What needs to be done: Reproduce all the entries exactly and keep the pictures out.
**** Working data
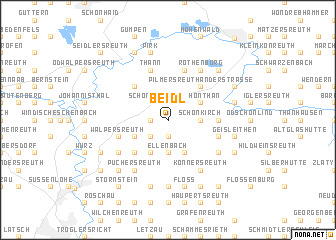 map of Beidl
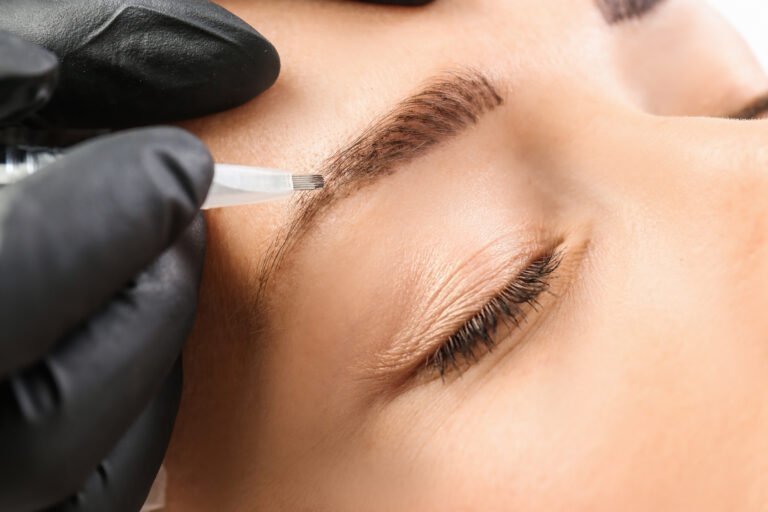 Transform Your Look With 3D Eyebrow Embroidery treatment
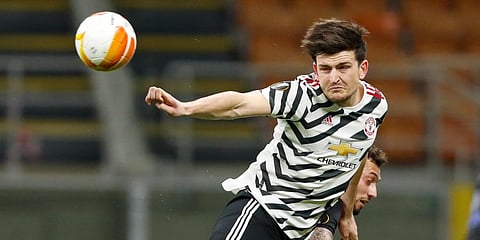 Manchester United centre-back Harry Maguire (Photo | AP)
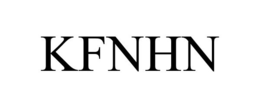 KFNHN trademark
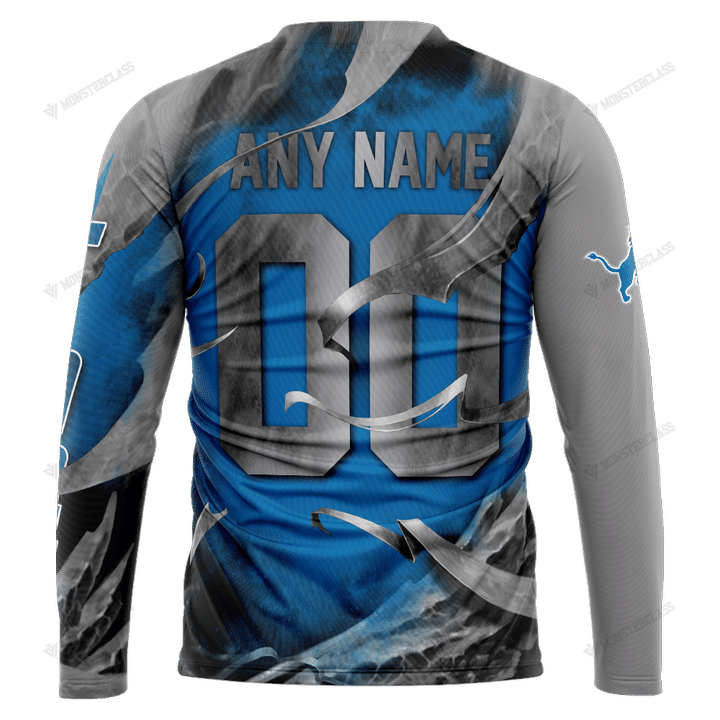 Detroit Lions Limited Edition All Over Print Hoodie Sweatshirt Zip Hoodie T shirt Unisex 869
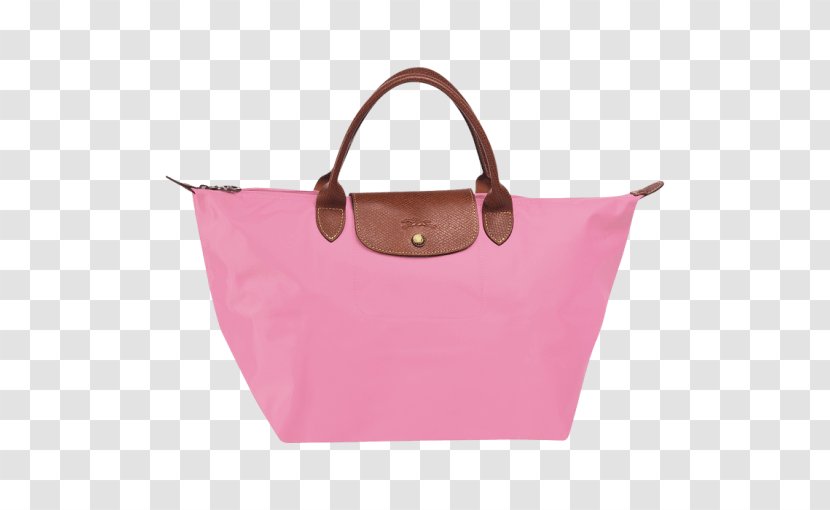 Pliage Longchamp Handbag Tote Bag - Leather Transparent PNG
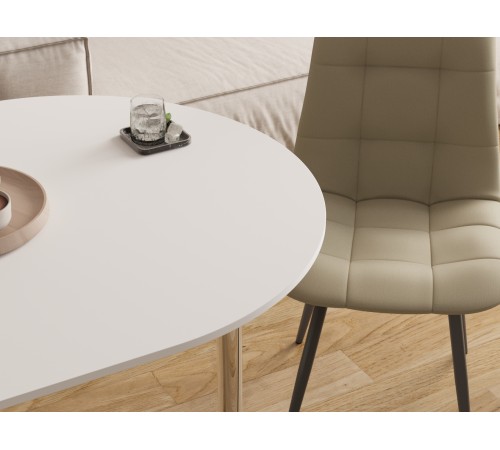 Стол-книжка Тайга Мини, белый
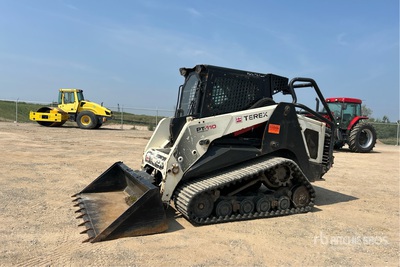 2005 Terex PT110F Two-Speed Compact Track Loader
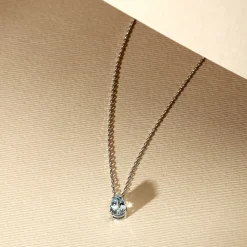 Collane|Gioielli Con Pietre Preziose<Bluespirit COLLANA ACQUAMARINA - P.20S410000800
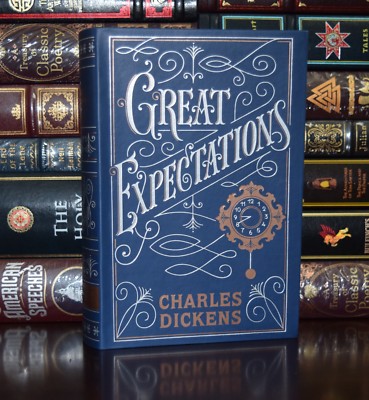 Great Expectations by Charles Dickens New Soft Leather Collectible Classics-image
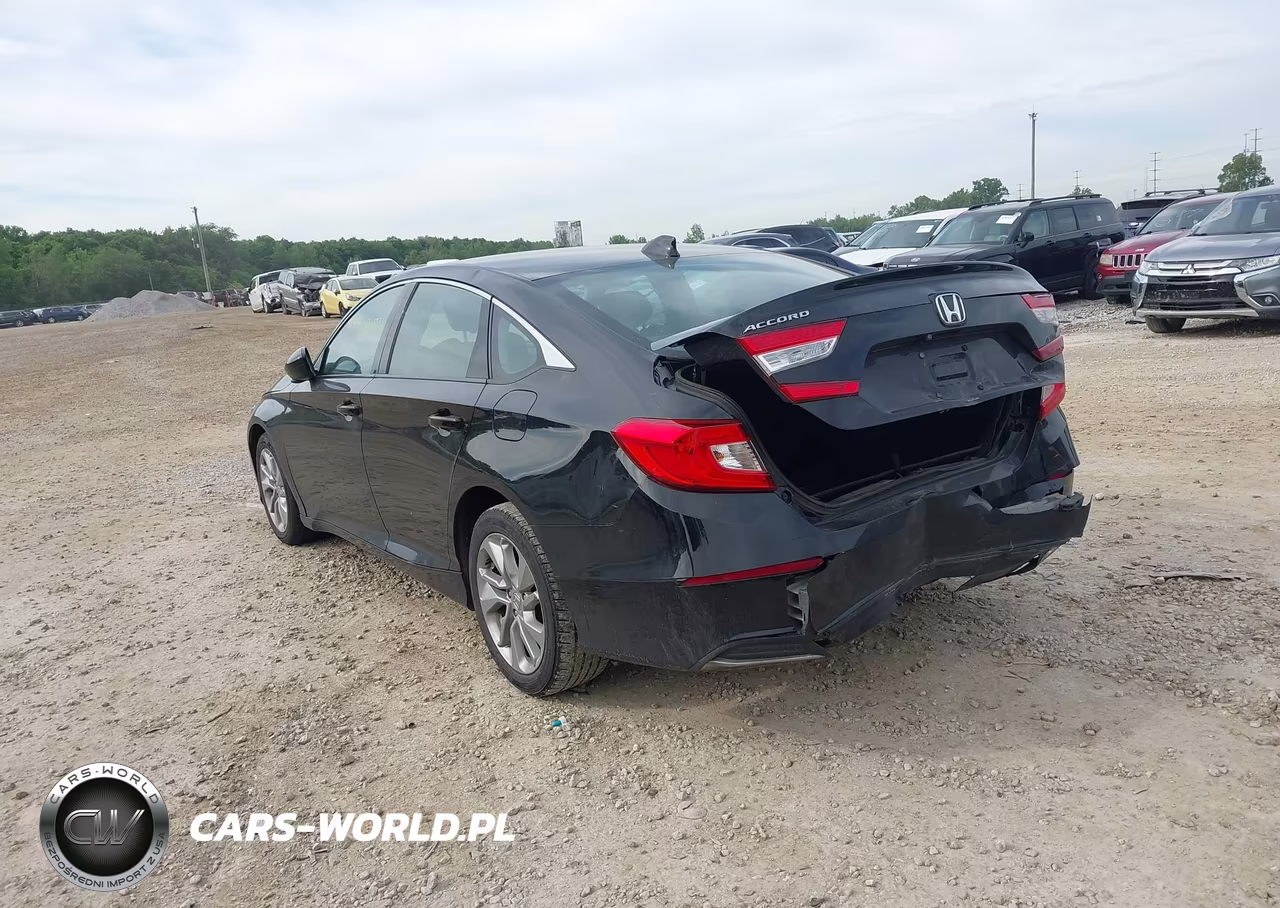 2018 Honda Accord Lx VIN:1HGCV1F14JA176406 - 3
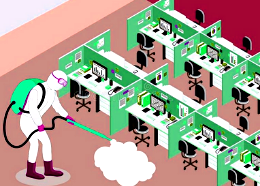 office sanitization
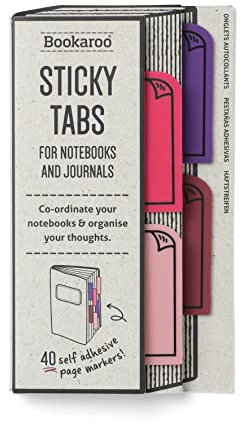 IF Bookaroo Pastilles adhésives Rose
********
Output below:
 map of Beidl
 Transform Your Look With 3D Eyebrow Embroidery treatment
 Manchester United centre-back Harry Maguire (Photo | AP)
 KFNHN trademark
 Detroit Lions Limited Edition All Over Print Hoodie Sweatshirt Zip Hoodie T shirt Unisex 869
 Pliage Longchamp Handbag Tote Bag - Leather Transparent PNG
 Стол-книжка Тайга Мини, белый
 2005 Terex PT110F Two-Speed Compact Track Loader
 Collane|Gioielli Con Pietre Preziose<Bluespirit COLLANA ACQUAMARINA - P.20S410000800
 Great Expectations by Charles Dickens New Soft Leather Collectible Classics-image
 2018 Honda Accord Lx VIN:1HGCV1F14JA176406 - 3
 office sanitization
 IF Bookaroo Pastilles adhésives Rose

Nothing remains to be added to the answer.